** EXERCISE DIRECTIONS **
Each line of the data below from the one holding "Typical norwegian red" to the one holding "A teacher checks", inclusive, is to be reproduced exactly; no other line belongs in the answer.

** AVAILABLE DATA **
Start of Block

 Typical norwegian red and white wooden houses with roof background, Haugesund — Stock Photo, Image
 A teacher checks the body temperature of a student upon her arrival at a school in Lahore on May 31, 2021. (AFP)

End of Block
Start of Block

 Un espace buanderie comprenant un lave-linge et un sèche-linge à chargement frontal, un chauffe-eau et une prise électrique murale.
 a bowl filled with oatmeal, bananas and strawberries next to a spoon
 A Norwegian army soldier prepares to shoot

End of Block
Start of Block

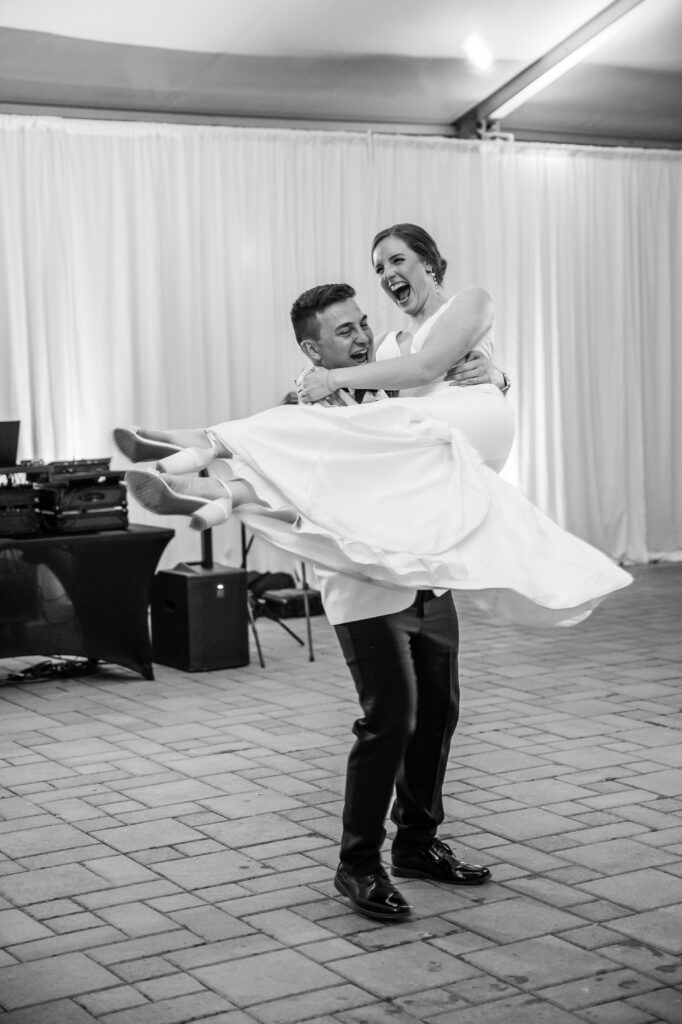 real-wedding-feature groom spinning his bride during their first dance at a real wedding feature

End of Block

** ANSWER TO THE EXERCISE **
 Typical norwegian red and white wooden houses with roof background, Haugesund — Stock Photo, Image
 A teacher checks the body temperature of a student upon her arrival at a school in Lahore on May 31, 2021. (AFP)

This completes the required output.